Hensley also worked with Superstition Studios on a Deadlands MMORPG that was never published. Hensley was in charge of Dust Devil Studios and got Zombie Pirates (2010) published. He later rejoined Cryptic Studios and became Executive Producer.

Hensley has written several novels and designed a variety of games including miniatures wargames, tabletop wargames, and role-playing games, as well as substantial freelance work writing modules for game systems.
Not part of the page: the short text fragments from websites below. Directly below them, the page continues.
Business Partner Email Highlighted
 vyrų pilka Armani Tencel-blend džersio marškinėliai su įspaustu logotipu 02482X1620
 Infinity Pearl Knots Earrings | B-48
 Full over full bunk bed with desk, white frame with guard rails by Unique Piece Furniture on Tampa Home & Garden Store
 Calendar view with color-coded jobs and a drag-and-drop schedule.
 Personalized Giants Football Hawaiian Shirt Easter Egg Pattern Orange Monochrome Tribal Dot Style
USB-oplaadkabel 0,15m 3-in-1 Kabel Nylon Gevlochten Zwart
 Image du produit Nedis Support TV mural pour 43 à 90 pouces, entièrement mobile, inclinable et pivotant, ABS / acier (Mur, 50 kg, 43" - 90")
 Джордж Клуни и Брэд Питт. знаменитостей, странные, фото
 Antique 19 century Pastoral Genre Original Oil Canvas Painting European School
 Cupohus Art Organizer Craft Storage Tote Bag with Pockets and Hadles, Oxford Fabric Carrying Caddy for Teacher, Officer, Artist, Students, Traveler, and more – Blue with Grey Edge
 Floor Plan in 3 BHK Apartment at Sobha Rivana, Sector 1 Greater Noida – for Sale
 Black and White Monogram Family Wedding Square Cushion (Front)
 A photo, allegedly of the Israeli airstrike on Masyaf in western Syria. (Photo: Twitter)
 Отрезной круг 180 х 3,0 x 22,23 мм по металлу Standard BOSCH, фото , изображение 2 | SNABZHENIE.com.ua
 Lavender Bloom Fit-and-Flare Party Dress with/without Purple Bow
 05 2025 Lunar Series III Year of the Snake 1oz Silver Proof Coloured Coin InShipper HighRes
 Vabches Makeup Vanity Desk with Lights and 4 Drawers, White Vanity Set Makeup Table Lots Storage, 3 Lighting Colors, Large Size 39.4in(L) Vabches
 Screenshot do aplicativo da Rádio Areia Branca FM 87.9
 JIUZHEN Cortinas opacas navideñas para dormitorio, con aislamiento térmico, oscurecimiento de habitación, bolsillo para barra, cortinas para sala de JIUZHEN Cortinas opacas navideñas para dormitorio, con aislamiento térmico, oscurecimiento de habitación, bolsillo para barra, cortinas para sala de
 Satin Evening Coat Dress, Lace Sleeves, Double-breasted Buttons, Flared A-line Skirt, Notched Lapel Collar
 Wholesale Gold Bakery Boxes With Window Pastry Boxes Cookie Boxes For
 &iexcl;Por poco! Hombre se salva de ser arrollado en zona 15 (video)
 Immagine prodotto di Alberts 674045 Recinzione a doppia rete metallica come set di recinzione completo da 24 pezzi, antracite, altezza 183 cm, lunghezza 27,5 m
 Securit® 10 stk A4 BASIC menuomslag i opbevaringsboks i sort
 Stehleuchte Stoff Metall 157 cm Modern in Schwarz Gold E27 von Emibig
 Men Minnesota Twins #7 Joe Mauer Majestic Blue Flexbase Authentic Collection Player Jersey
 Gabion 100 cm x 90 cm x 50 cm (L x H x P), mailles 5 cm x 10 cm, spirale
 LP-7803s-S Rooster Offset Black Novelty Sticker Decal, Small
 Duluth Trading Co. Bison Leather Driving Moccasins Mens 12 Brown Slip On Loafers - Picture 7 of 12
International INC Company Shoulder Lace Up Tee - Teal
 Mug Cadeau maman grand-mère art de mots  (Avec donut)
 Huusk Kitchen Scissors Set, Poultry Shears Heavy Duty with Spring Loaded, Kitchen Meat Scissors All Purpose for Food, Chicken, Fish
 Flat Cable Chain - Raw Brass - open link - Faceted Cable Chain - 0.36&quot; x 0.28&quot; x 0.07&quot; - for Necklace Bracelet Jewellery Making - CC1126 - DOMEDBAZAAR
He has also scripted at least one computer game. Hensley has been a Guest of Honor at a number of major conventions and has garnered several game industry honors and awards.

He left Cryptic to make a Deadlands MMO in 2007, but the parent company went bankrupt. Hensley briefly returned to Cryptic in 2010 as Executive Producer on Neverwinter, then on to Petroglyph Games to work on the End of Nations MMORTS (published by Trion Worlds).